Het beroep is daarom gegrond. De Raad zal de bestreden uitspraak vernietigen en het door appellante gemaakte bezwaar gegrond verklaren. Doende wat het Gerecht had behoren te doen zal de Raad de beschikking van het Bestuurscollege van 29 augustus 2007 nietig verklaren en geïntimeerde opdragen binnen drie maanden een nieuwe beschikking te geven op het verzoek van appellante, met inachtneming van het vorenstaande.

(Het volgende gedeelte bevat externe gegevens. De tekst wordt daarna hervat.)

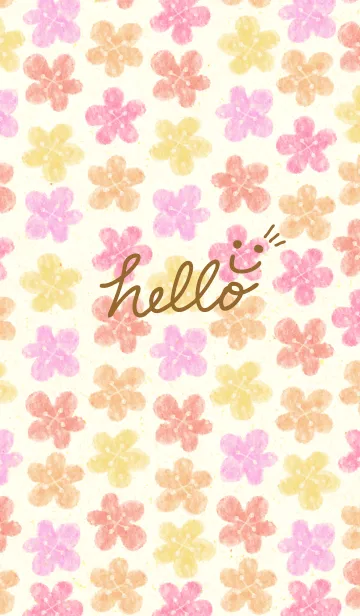 [LINE着せ替え] お花畑-スマイル23-の画像1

- vernietigt de in beroep bestreden uitspraak;
- verklaart geïntimeerdes beschikking van 29 augustus 2007 nietig;
- gelast geïntimeerde een nieuwe beschikking te geven met inachtneming van het vorenstaande, binnen drie maanden na bekendmaking van deze uitspraak.
Aldus gegeven door mr. J.Th. Drop, voorzitter, A.R. Ramirez en mr. J. Sybesma, leden, en uitgesproken in het openbaar op 9 oktober 2008, in tegenwoordigheid van de griffier.